• WORK REQUEST: What is needed is every line from the one holding "dominican student in" to the last line of the data below, printed exactly and without pictures.

++++++

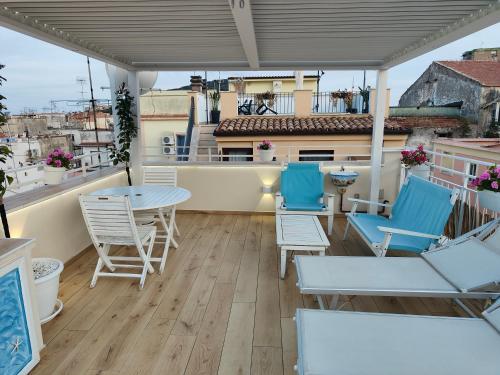 a balcony with blue chairs and tables on a building at The Sorabellas in Gaeta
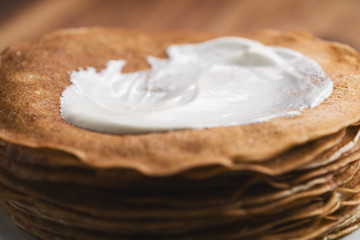 close-up of stack of fresh hot crepes or blinis with sour cream on wood table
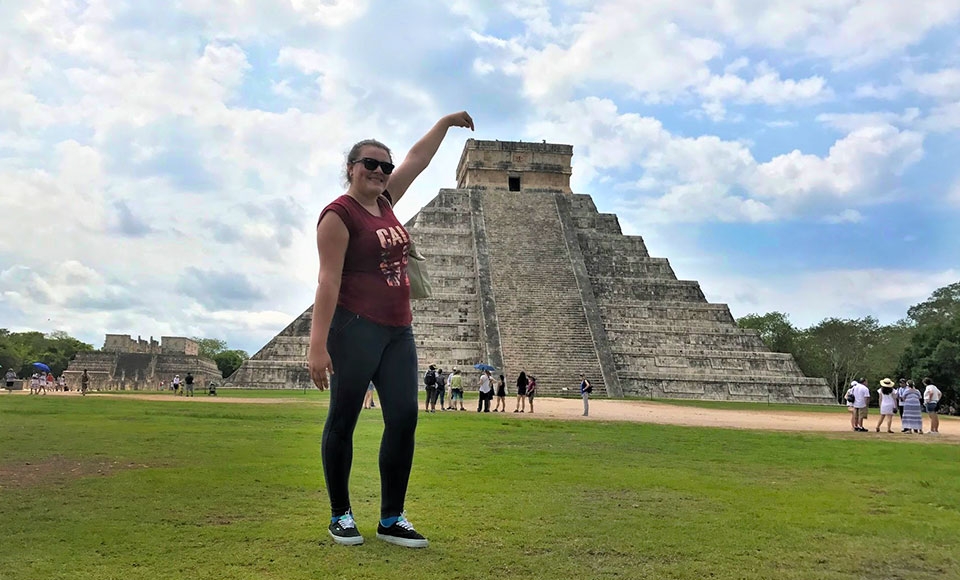 dominican student in front of pyramid in mexico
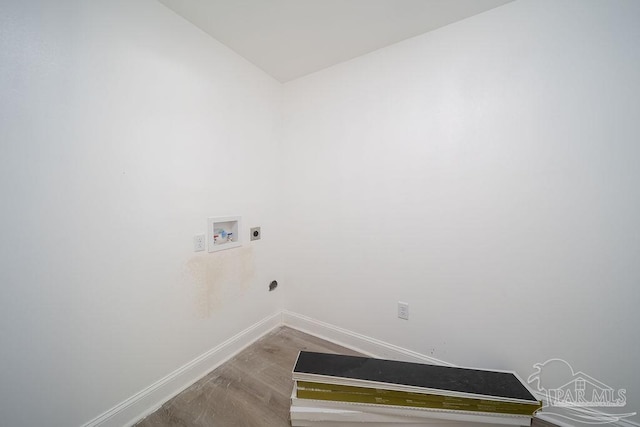 laundry area with wood-type flooring, hookup for an electric dryer, and hookup for a washing machine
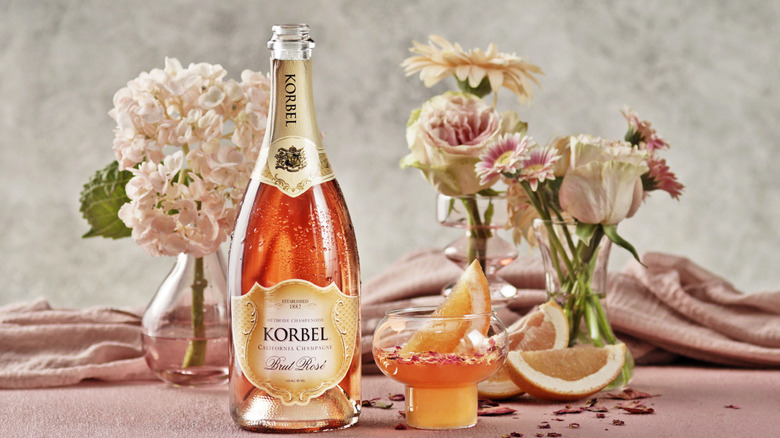 Bottle of Korbel Brut Rosé with a cocktail and several vases of pink flowers.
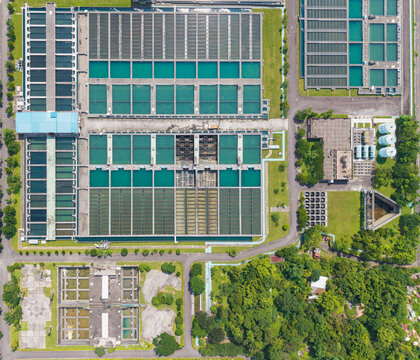 Large Water Treatment Facility Aerial View with Tanks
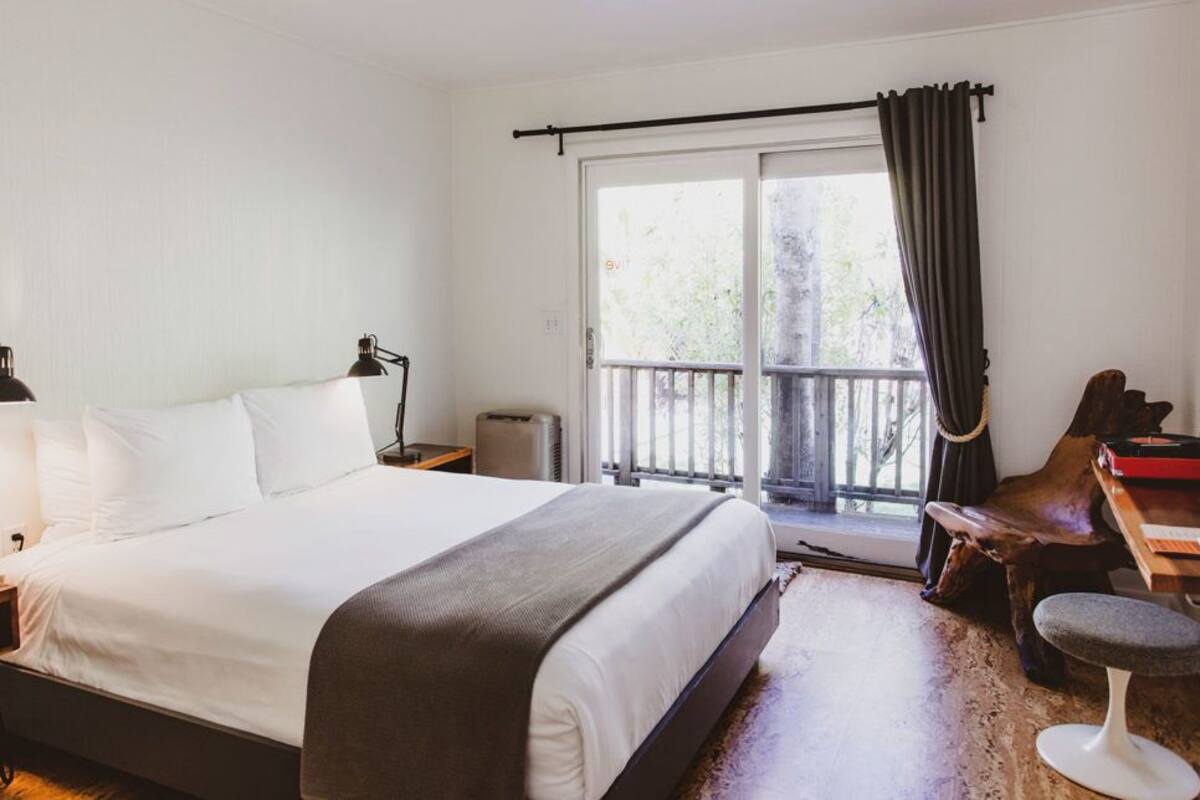 A bedroom with a bed, bedside lamps, a desk with a chair, and a view of the outdoors through a sliding door.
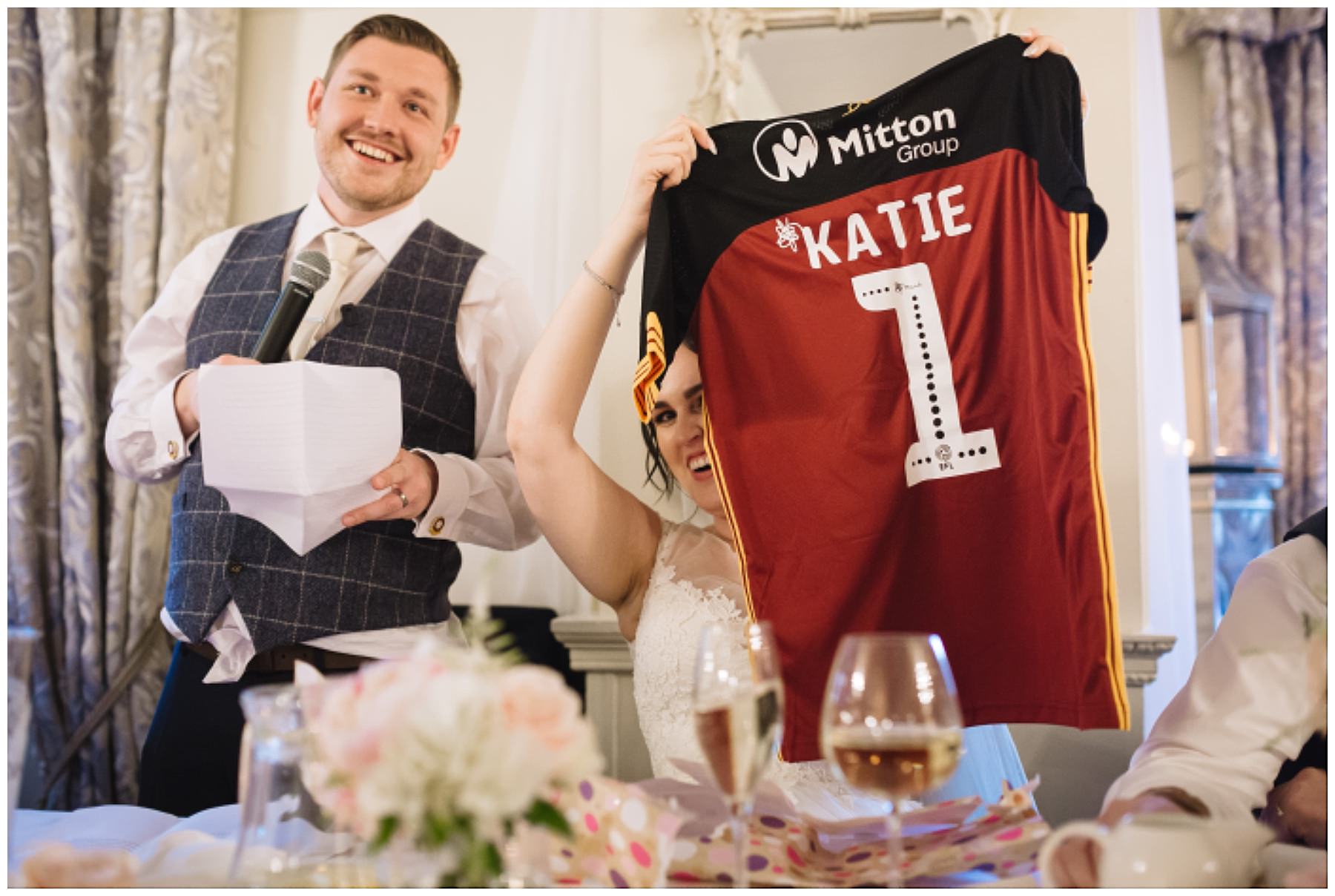 bride holds up football shirt presented as wedding gift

++++++

• SOLUTION TO THE PROBLEM:
 dominican student in front of pyramid in mexico
 laundry area with wood-type flooring, hookup for an electric dryer, and hookup for a washing machine
 Bottle of Korbel Brut Rosé with a cocktail and several vases of pink flowers.
 Large Water Treatment Facility Aerial View with Tanks
 A bedroom with a bed, bedside lamps, a desk with a chair, and a view of the outdoors through a sliding door.
 bride holds up football shirt presented as wedding gift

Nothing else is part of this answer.